** Opening Task material block **

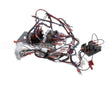 ECO-9025 Turbochef Assembly (Purchased), Brack/Relays/Harne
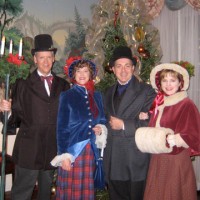 The Candlelight Carolers - Choir in Wilmington, Delaware
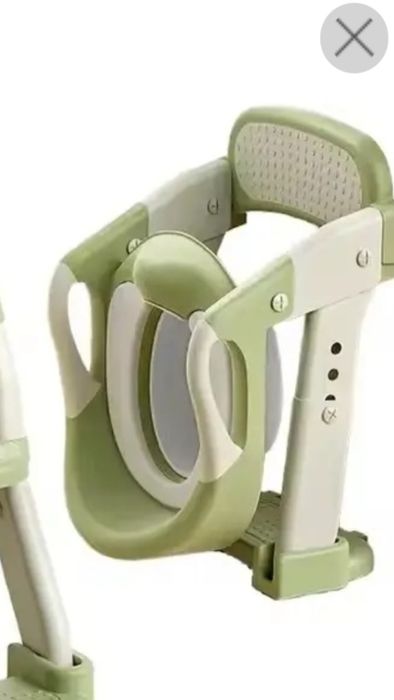 Reductor pentru Wc 50 ron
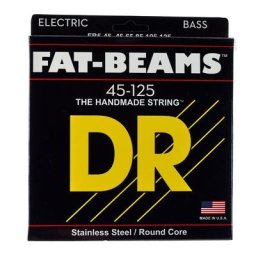 DR Strings Fat-Beams FB5-45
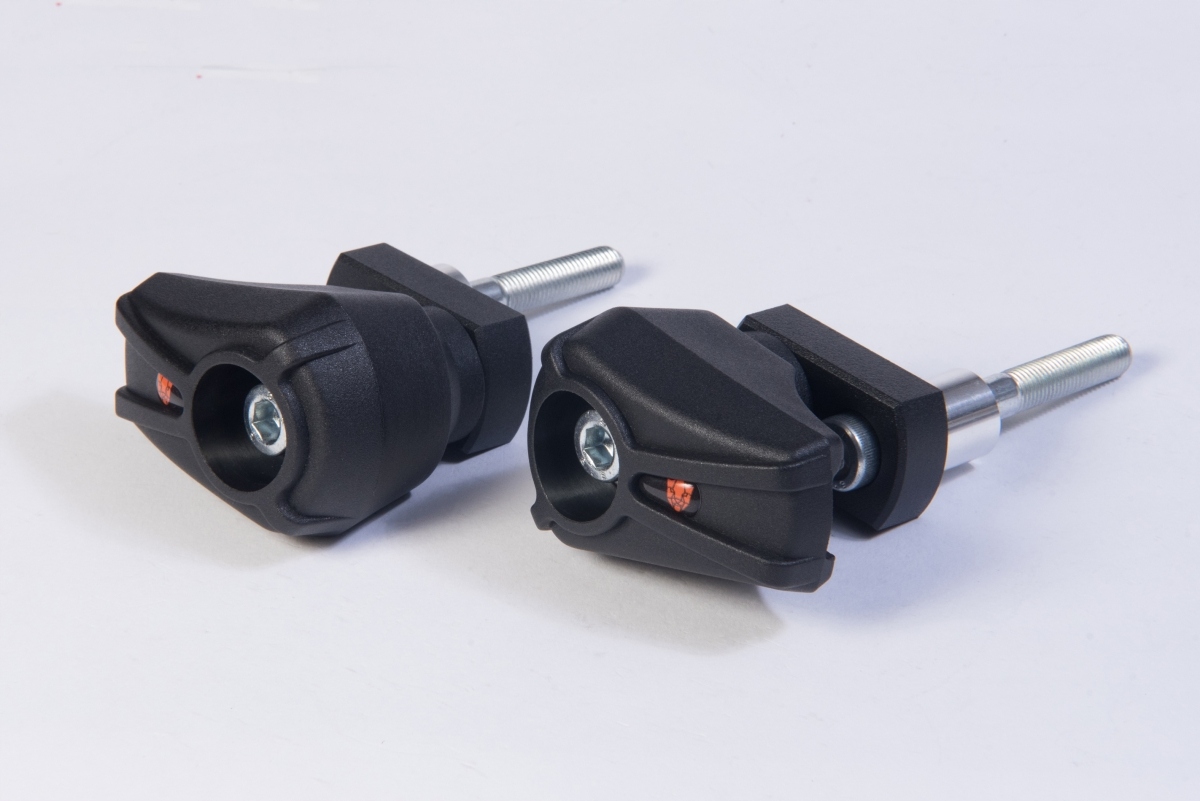 Renner Crash Pady Honda Cbr 900RR, 929RR, 954RR 00-03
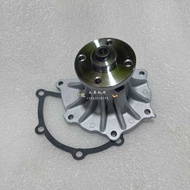 7F 5 8F 2Z 1Dz Toyota Forklift Water Pump Head 16110-78206-71 16110-78701 78703 E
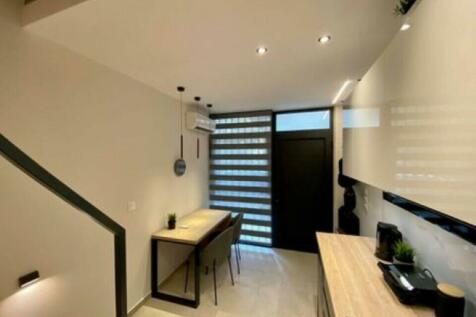 Duplex 40 m² in Thessaloniki - 7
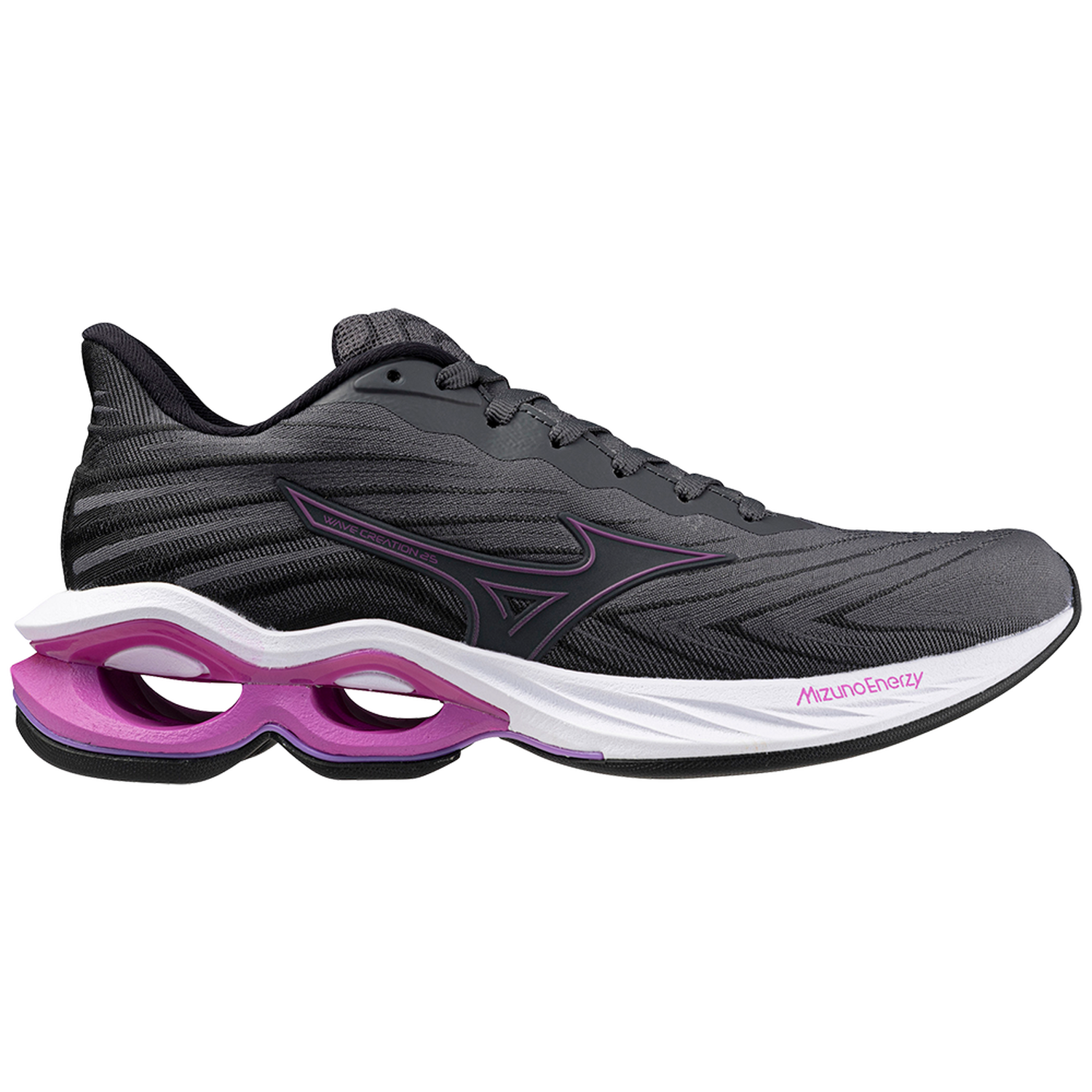 Mizuno Women's Wave Creation 25 SSW Running Shoes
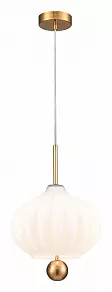 Подвесной светильник Vele Luce Bianco VL5714P31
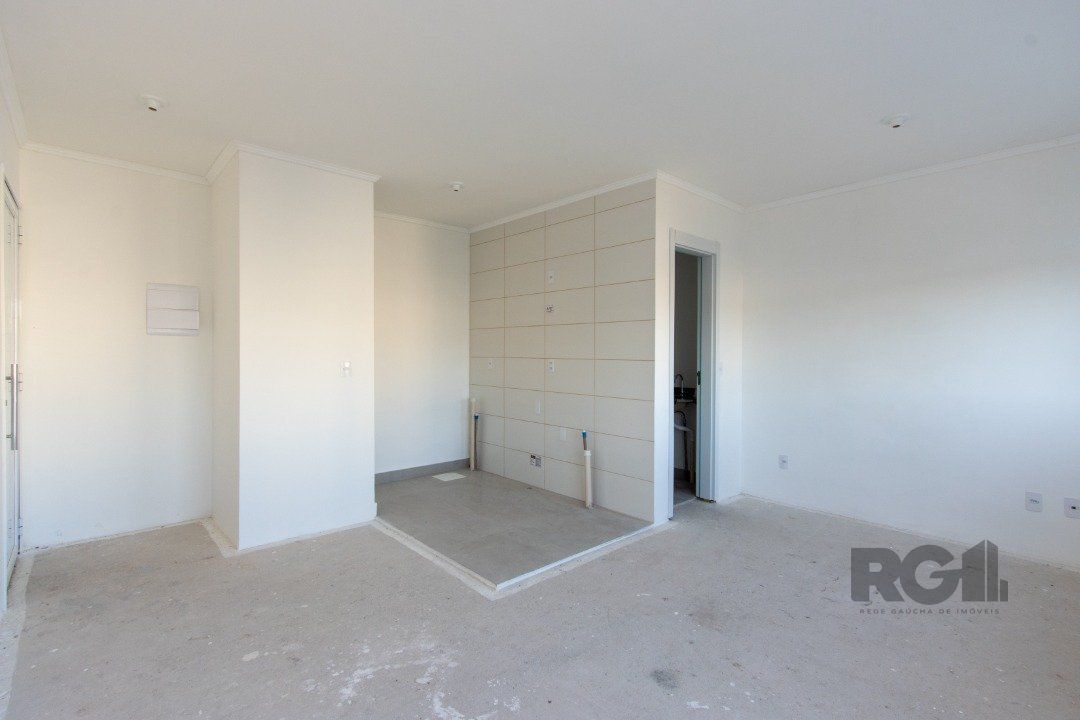 Flat/Apart Hotel à venda com 1 quarto, 40m² - Foto 8
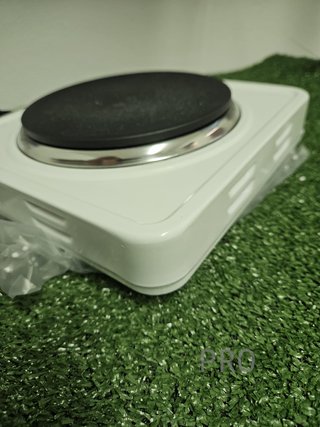 Tristar Hornillo Eléctrico, 1000W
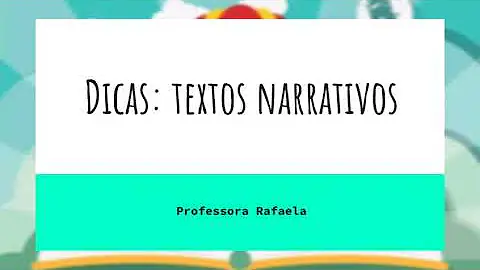 Como identificar o tempo cronológico?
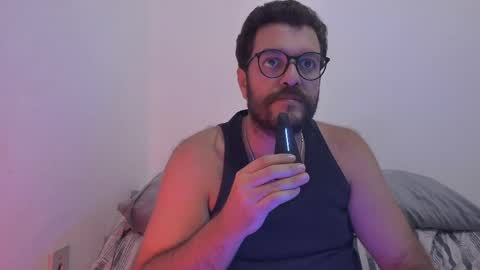 Baddaddybrazil online show from April 4, 11:46 pm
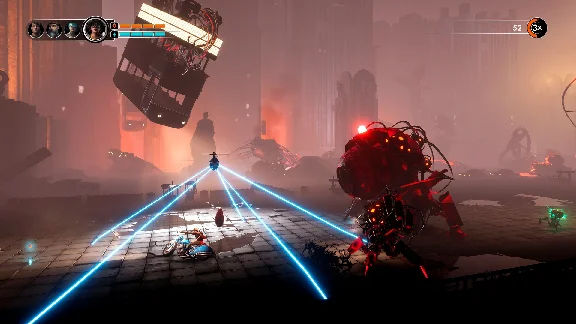Steel Rats™ Steam Key (Region Free)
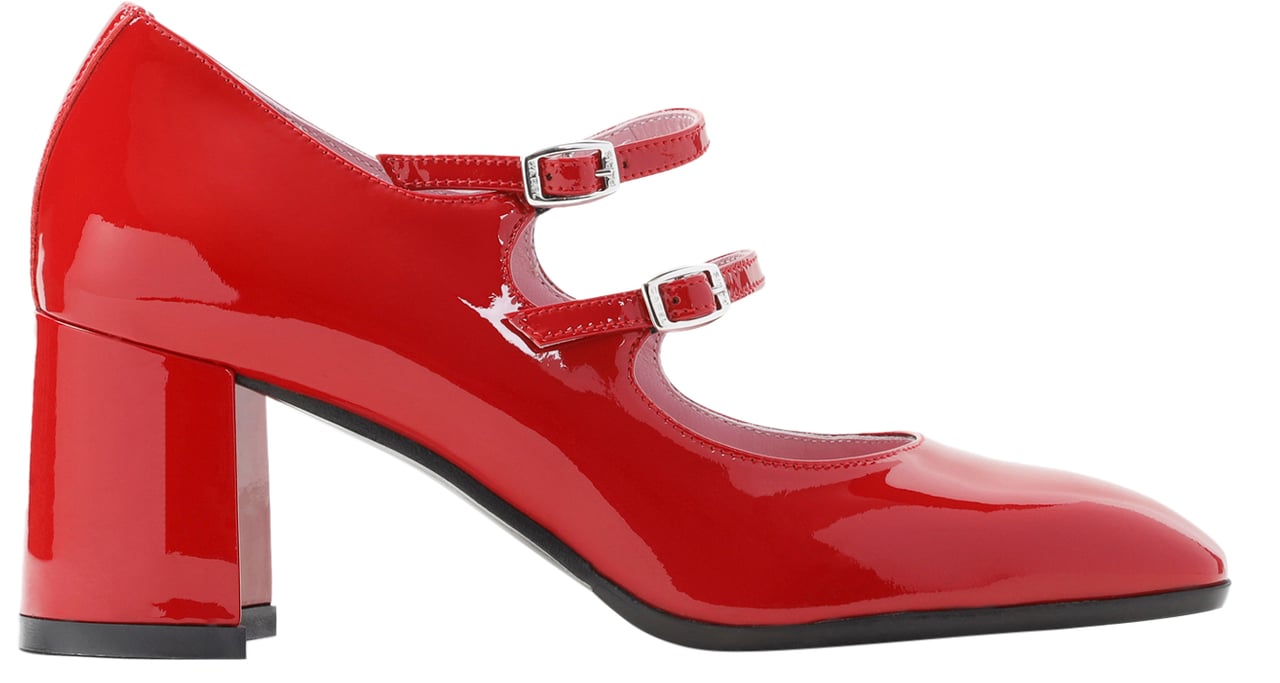 Carel Paris CAREL PARIS ALICE Rood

** Closing Task material block **

** What is needed **
The entries above should be reproduced exactly, without their pictures.

** Response to the exercise **
 ECO-9025 Turbochef Assembly (Purchased), Brack/Relays/Harne
 The Candlelight Carolers - Choir in Wilmington, Delaware
 Reductor pentru Wc 50 ron
 DR Strings Fat-Beams FB5-45
 Renner Crash Pady Honda Cbr 900RR, 929RR, 954RR 00-03
 7F 5 8F 2Z 1Dz Toyota Forklift Water Pump Head 16110-78206-71 16110-78701 78703 E
 Duplex 40 m² in Thessaloniki - 7
 Mizuno Women's Wave Creation 25 SSW Running Shoes
 Подвесной светильник Vele Luce Bianco VL5714P31
 Flat/Apart Hotel à venda com 1 quarto, 40m² - Foto 8
 Tristar Hornillo Eléctrico, 1000W
 Como identificar o tempo cronológico?
 Baddaddybrazil online show from April 4, 11:46 pm
Steel Rats™ Steam Key (Region Free)
 Carel Paris CAREL PARIS ALICE Rood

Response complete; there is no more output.